Honing aluminum suuuuuuuucks. I tried this to make ZX2 wheels fit a Sentra.
Don't worry about hubcentricity, that's just for ease of installation and I don't even think it helps there unless you have a German car with wheel bolts. I think your router technique is just fine.
In reply to Keith Tanner :
The Miata wheels will most likely end up on my MINI. There's enough gap that they don't bind, or get seized on, but close enough that the wheel bolts go in normally.
In reply to DeadSkunk (Warren) :
The other pictures of router work I've seen, looked WAY janky on the surface finish, from chatter.
Your finish gives me hope!
Any suggestions on keeping the chatter/gouging down to a minimum?
Router. Good ear, eye, and beard/arm hair protection is a must.
In reply to 03Panther :
I used a 1/2" bit, so the perimeter speed is less than bigger bits, and it's easier for the router to maintain speed. The other things is to focus on keeping the router squarely on the wheel mounting face and go fairly slow. The wheel pictured is the nicest one. I had the bearing come off once and I gouged the wheel, and the depth collar slipped another time. It doesn't matter in the end, but I would have liked all four wheels to look like the one pictured. I'm two for four.
Byrneon27 said:
Router. Good ear, eye, and beard/arm hair protection is a must.

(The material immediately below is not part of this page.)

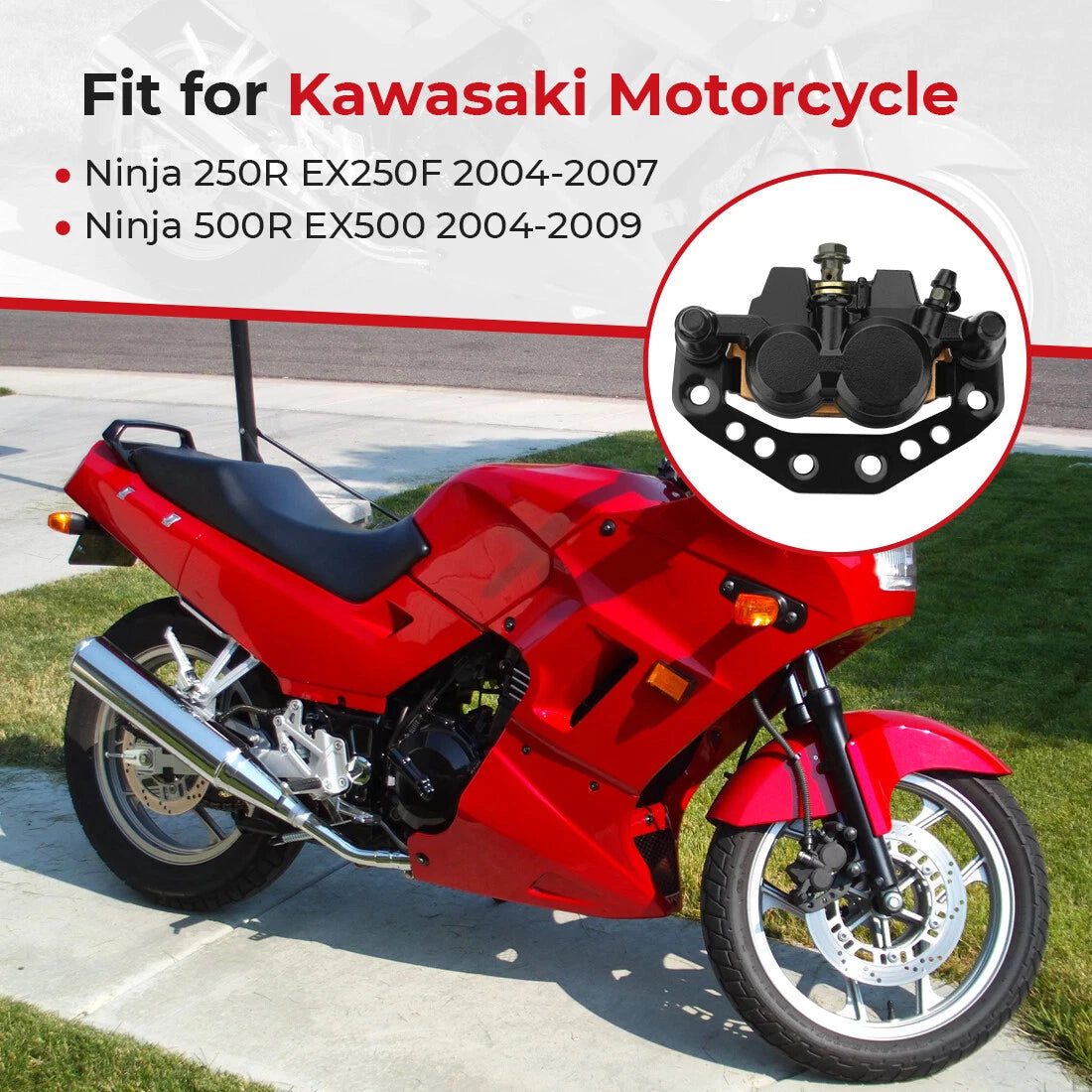 Front Brake Caliper & Pads for Kawasaki Ninja 250R 500R (2004–2009)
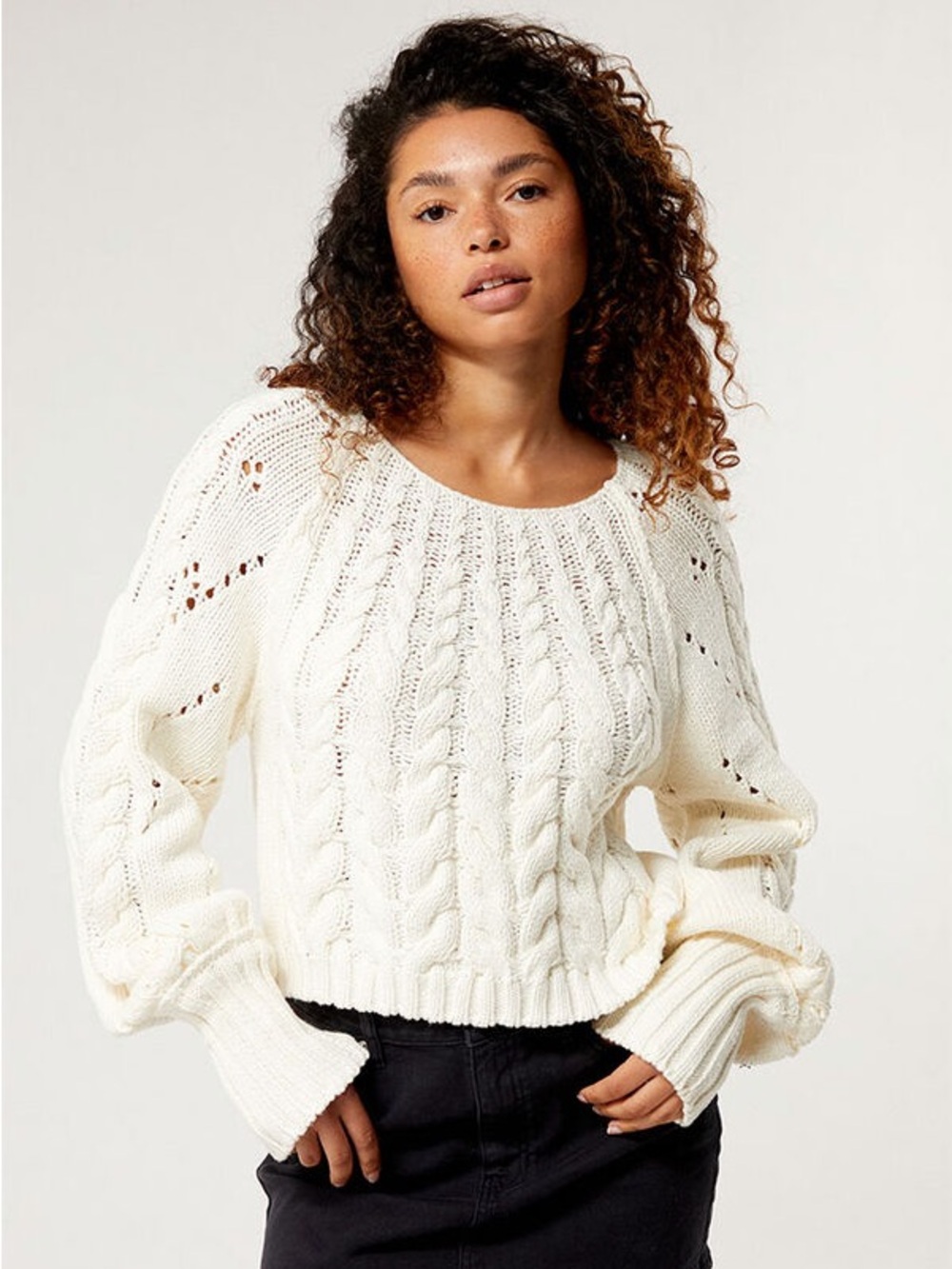 Free People Sandre Cream Cable Knit Long Sleeve Seeater Small Boho Cottagecore - Picture 2 of 9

I had the wheels supported on two sawhorses that were tied together by a couple of pieces of scrap wood. The pieces were angled so the wheel got forced into the wedge and wouldn't move away from me. Most of the chips just went out the center hole and fell to the floor. I did wear a grinding shield, just in case, and I removed my hearing aids and wore ear muffs.
I'll add that I started with a new bit from Menards and it shows visible wear after doing four wheels, eight cuts. It was $13 or $14. Still good for more wheels, but not good for finish cabinetry any longer. I picked the router up at the Habitat-for-Humanity Restore for $10 IIRC. So all in, I've got the wheels ($100), paint ($13) and a router bit ($14). Pretty good for a nice looking set of 17x7 wheels that weigh 4-6 pounds each less than the ugly, and heavy MINI S-Lites. Now to find some cheap autocross tires.
Keith Tanner said:
Don't worry about hubcentricity, that's just for ease of installation and I don't even think it helps there unless you have a German car with wheel bolts. I think your router technique is just fine.
The only concern I ever had about hubcenctricity was balancing. You'd have to make sure that whoever balanced it located the wheel on the machine via the lug nuts or the center cap hole.